No âmbito das suas funções administrativas, o Governo elabora normas jurídicas (regulamentos), pratica atos jurídicos sobre casos concretos (atos administrativos), celebra contratos que vários tipos (como, por exemplo, contratos administrativos) e exerce determinados poderes funcionais (poderes de vigilância, de fiscalização, de superintendência, de tutela).

O Governo pode exercer a sua competência de duas formas – de forma colegial através do Conselho de Ministros (art. 200º CRP) ou de forma individual pelos diversos membros que integram o Governo: pelo Primeiro-Ministro ou por cada um dos Ministros, Secretários de Estado ou Subsecretários de Estado. Relativamente ao Conselho de Ministros, este é definido como o órgão colegial constituído pela reunião de todos os Ministros, sob a presidência do Primeiro-Ministro, ao qual compete desempenhar funções políticas e administrativas que a Constituição ou a lei atribuam ao Governo. Na forma individual de exercício da competência do Governo, cada um dos membros deste órgão, nas matérias que constem das suas atribuições, decide sozinho, embora decida sempre em nome do órgão a que pertence, o Governo.

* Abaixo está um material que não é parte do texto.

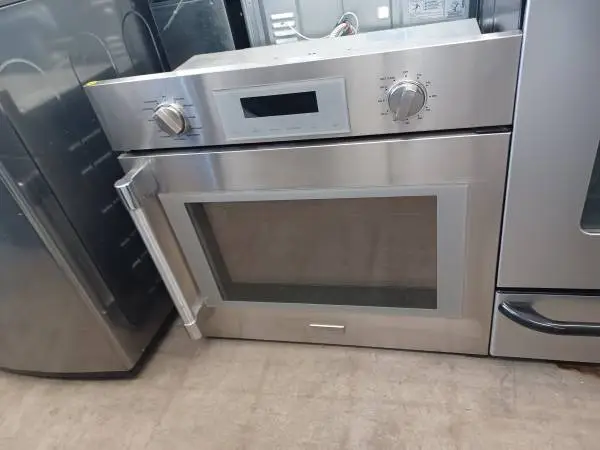 Kitchenaid Stainless Steel Electric Wall Oven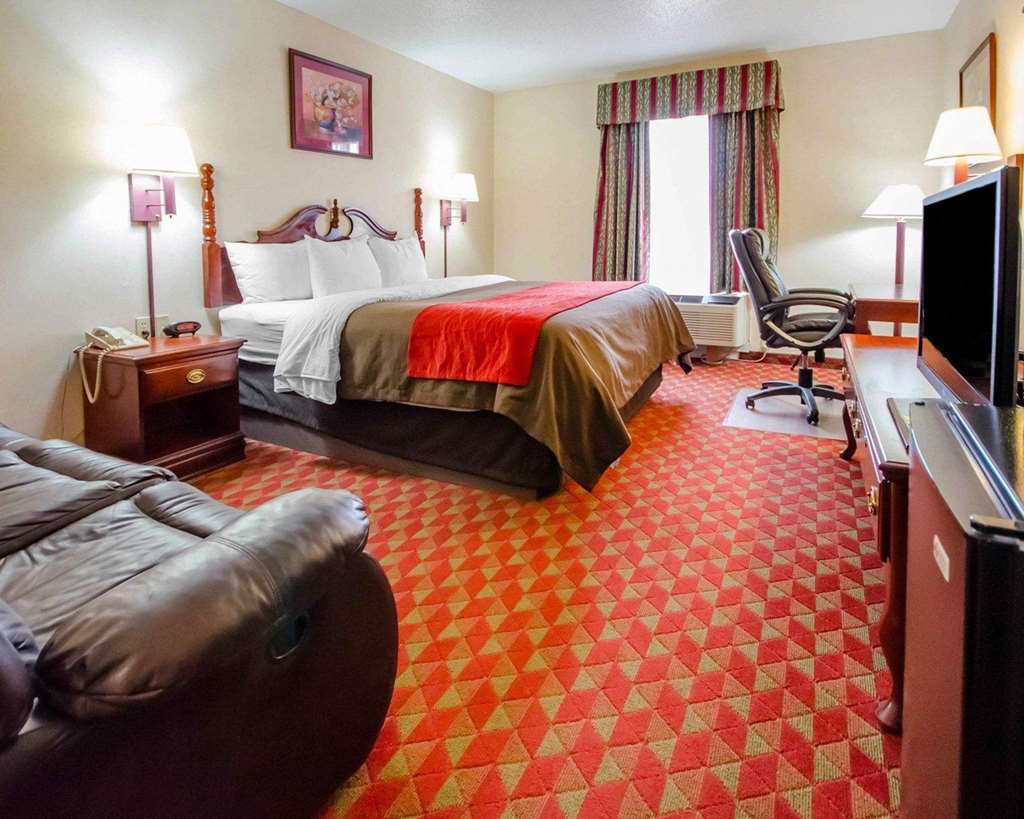 Comfort Inn Bardstown Quarto foto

Segundo o art. 183º CRP, o Governo é composto por:
·     Primeiro-Ministro. As suas funções estão reguladas no art. 201º, nº 1 CRP. Do ponto de vista administrativo, o Primeiro-Ministro exerce funções de chefia e funções de gestão. No exercício das primeiras, dirige o funcionamento do Governo, coordenando e orientando a atuação de cada um dos Ministros. Ainda no exercício destas, preside ao Conselho de Ministros, referenda os decretos regulamentares e intervém na nomeação de certos funcionários do Estado. No exercício das segundas, administra os serviços próprios da Presidência do Conselho e orienta as diferentes secretarias de Estado integradas na Presidência do Conselho
·     Vice-Primeiros-Ministros. Conforme resulta do art. 185º, nº 1 CRP, compete-lhes substituir o Primeiro-Ministro na sua ausência ou impedimento, substituindo-o na Presidência do Conselho de Ministros e exercer todas as competências que lhe são atribuídas durante o tempo da substituição. Se não houver substituição, os Vice-Primeiros-Ministros coadjuvam e auxiliam o Primeiro-Ministro no exercício das suas funções.
·    Ministros. São os membros do Governo que participam no Conselho de Ministros e exercem funções políticas e administrativas. Os Ministros são iguais entre si em categoria oficial e em estatuto jurídico (princípio da igualdade dos Ministros). O art. 201º, nº 2 CRP consagra a competência jurídica dos Ministros, mas deixa em aberto quais as competências administrativas dos Ministros que, segundo o Professor FREITAS DO AMARAL, são as seguintes: fazer regulamentos administrativos no âmbito da atuação do seu ministério; nomear, exonerar e promover o pessoal que trabalha no seu ministério; exercer os poder de superior hierárquico sobre todo o pessoal do seu ministério; exercer poderes de superintendência ou de tutela sobre as instituições dependentes do seu ministério ou por ele fiscalizadas; entre outras competências.
·  Secretários de Estado. São membros do Governo com funções administrativas, mas sem funções políticas, não fazendo parte do Conselho de Ministros.
·    Subsecretários de Estado. São a categoria mais jovem do Governo e coadjuvam o respetivo Ministro ou Secretário de Estado.

Atenda-se que não existe qualquer tipo de hierarquia dentro do Governo. O que existe são relações de supremacia ou de subordinação política entre os diferentes membros do Governo, mas não existe hierarquia em sentido jurídico.

Por fim, podemos então concluir que o Estado, enquanto pessoa coletiva pública que prossegue as suas atribuições, estas consagradas legalmente, tem como órgão principal o Governo que, através da pessoa do Primeiro-Ministro, coordena toda a Administração central do Estado.


BIBLIOGRAFIA

DIOGO FREITAS DO AMARAL, Curso de Direito Administrativo – Volume I, 4ª Edição, Almedina, 2015.

JOÃO CAUPERS, Introdução ao Direito Administrativo, 11ª Edição, Âncora Editora, 2013.